Ir. Lelystraat

Straat is in 1949 vernoemd naar Dr. Ir. Cornelis Lely.

Cornelis Lely (Amsterdam, 23 september 1854 – Den Haag, 22_januari 1929) was een Nederlandse ingenieur, waterbouwkundige, minister, gouverneur en politicus. Lely ontwierp in 1891 een plan voor de afsluiting van de Zuiderzee, waarop deze in 1932 door de Afsluitdijk definitief werd afgesloten en het IJsselmeer ontstond.

Lely werd in 1854 geboren als zevende zoon van Jan Lely en Adriana van Houten. Hij werd geboren aan de Leidsegracht in Amsterdam en bracht hier ook een groot deel van zijn jeugd door. Hij kwam uit een vrijzinnig protestants, doopsgezind gezin. In 1875 behaalde hij het diploma van civiel-ingenieur aan de TH te Delft. Hij trad in september 1886 in dienst van de Zuiderzeevereniging, een vereniging die zich de afsluiting en inpoldering van de Zuiderzee ten doel stelde. In 1891 voltooide hij zijn plan, dat hij vele jaren later, na de watersnood van 1916 als minister bij wet tot uitvoering deed brengen. Daarnaast werd op zijn initiatief de Bergsche Maas gegraven, en bevorderde hij de spoorwegen.

MINISTERSCHAP

Op 36-jarige leeftijd werd hij benoemd tot minister van Waterstaat, Handel en Nijverheid in het Kabinet-Van Tienhoven (1891-1894). Lely was minister van Waterstaat in nog twee kabinetten: het Kabinet-Pierson (1897-1901) en hetkabinet Cort van der Linden (1913-1918). In 1913 werd de inpoldering van de Zuiderzee door zijn toedoen opgenomen in het regeringsprogramma. De Zuiderzeewerken zijn grotendeels uitgevoerd naar zijn plan. Hij woonde in die tijd op Alexanderstraat 13 in Den Haag.
Daartussen was hij van 1902 tot 1905 gouverneur van Suriname. In 1898 loodste hij de wet voor de Noordoosterlocaalspoorweg-Maatschappij door het parlement, en tijdens zijn gouverneurschap in Suriname bevorderde hij het aanvankelijk particuliere plan voor de aanleg van de Lawaspoorweg. Lely bekleedde ook andere openbare functies. Naast zijn ministerschappen was hij lid van de Tweede Kamer (tussen 1894 en 1922), lid van de Eerste Kamer (1910-1913), lid van Provinciale Staten van Zuid-Holland (1909-1910) en lid van de gemeenteraad en wethouder van ‘s-Gravenhage (1908-1913).

VAN ZUIDERZEE NAAR IJSSELMEER

Hoewel er al honderden jaren voor Lely gesproken werd over de inpoldering van de Zuiderzee, was Cornelis Lely de eerste die een technisch uitvoerbaar plan presenteerde, dat antwoord gaf op problemen zoals de afwatering van de IJssel. De drooglegging van de Zuiderzee is lang gezien als een wild avontuur, en ook nadat Lely zijn plan presenteerde is er lang gediscussieerd over de voor- en nadelen, zoals de economische gevolgen voor vissersdorpen, de prijs van het project en de risico’s.

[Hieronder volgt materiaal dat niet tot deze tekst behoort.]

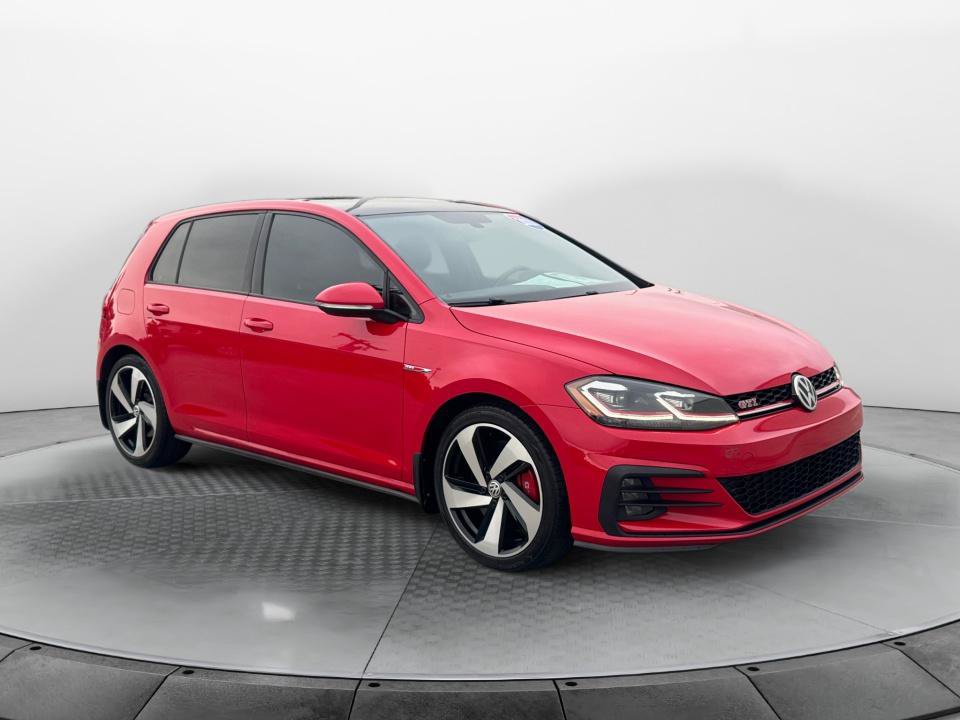 Used 2020 Volkswagen GTI SE FWD image 1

Lely is in staat geweest zijn plan te verwezenlijken doordat hij behalve ingenieur ook een capabel politicus was. Zelfs toen hij in 1913 de drooglegging in het regeringsprogramma kreeg was er nog grote maatschappelijke weerstand. Twee dingen hebben Lely geholpen: De Eerste Wereldoorlog veroorzaakte gebrek aan voedsel, waardoor de extra landbouwgrond die de Zuiderzeewerken op zouden leveren van groot belang werden. De belangrijkste omslag kwam met de watersnood van 1916. De gevolgen van de watersnood deden de publieke opinie pas beseffen hoe naïef het is om de gevaren van die zee te negeren. Twee jaar later, in 1918, loodste Lely de Zuiderzeewet door het parlement.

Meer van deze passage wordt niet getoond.